Todos nos hemos criado con el mito de las desapariciones inexplicables del Triángulo de las Bermudas. Aviones y barcos han ido alimentando la leyenda de este espacio geográfico que tiene vértices entre Florida, Costa Rica y las Islas Bermudas.

Algo ocurría en ese enclave para que nadie fuera capaz de entender qué sucedía y por qué era un punto negro para navegantes y pilotos. Hasta ahora.

Y parece que ha tenido que ser en los países nórdicos donde se consiguió la clave para la explicación. Se resume en una palabra: gas.

Un grupo de científicos noruegos de la Universidad del Ártico han descubierto que las explosiones de gas metano que sufriría este área podrían ser la clave para justificar la desaparición de más de 8000 personas en sus kilómetros cuadrados.

En el mar de Barents pudieron comprobar cómo la existencia de cráteres de más de 800 metros de diámetro provocaban explosiones cuando se activaban y ésto derivaba en el hundimiento de barcos. Y esto, extrapolado al Triángulo de las Bermudas, podría dar lugar a la explicación que tanto tiempo se llevaba esperando.

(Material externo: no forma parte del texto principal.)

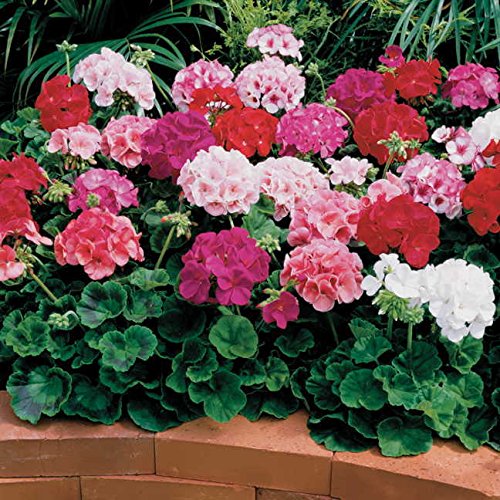 Park Seed Maverick Mix geraniums with large rounded blooms brighten patios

Aunque no se tendrán más datos de la investigación llevada a cabo hasta la próxima cita de la Conferencia Anual de Geociencia Europea, lo cierto es que la teoría del gas metano va ganando enteros entre la comunidad científica.

Pese a la fama, lo cierto es que esta zona tan afamada no es la más peligrosa en términos de accidentes o desapariciones, de hecho, no aparece ni entre los diez primeros lugares marinos con más incidencias. A su fama han contribuido periodistas que, desde la década de los 50, mezclaron informaciones de de desapariciones con parte de ciencia ficción (existencia de vida extraterrestre o conexiones no explicables con otros mundos) y con la mismísima existencia de la Atlántida en su fondo marino.

Lo cierto es que, pese a todo, desde la década de los 70 pocas pérdidas hay que sumar a este famoso triángulo.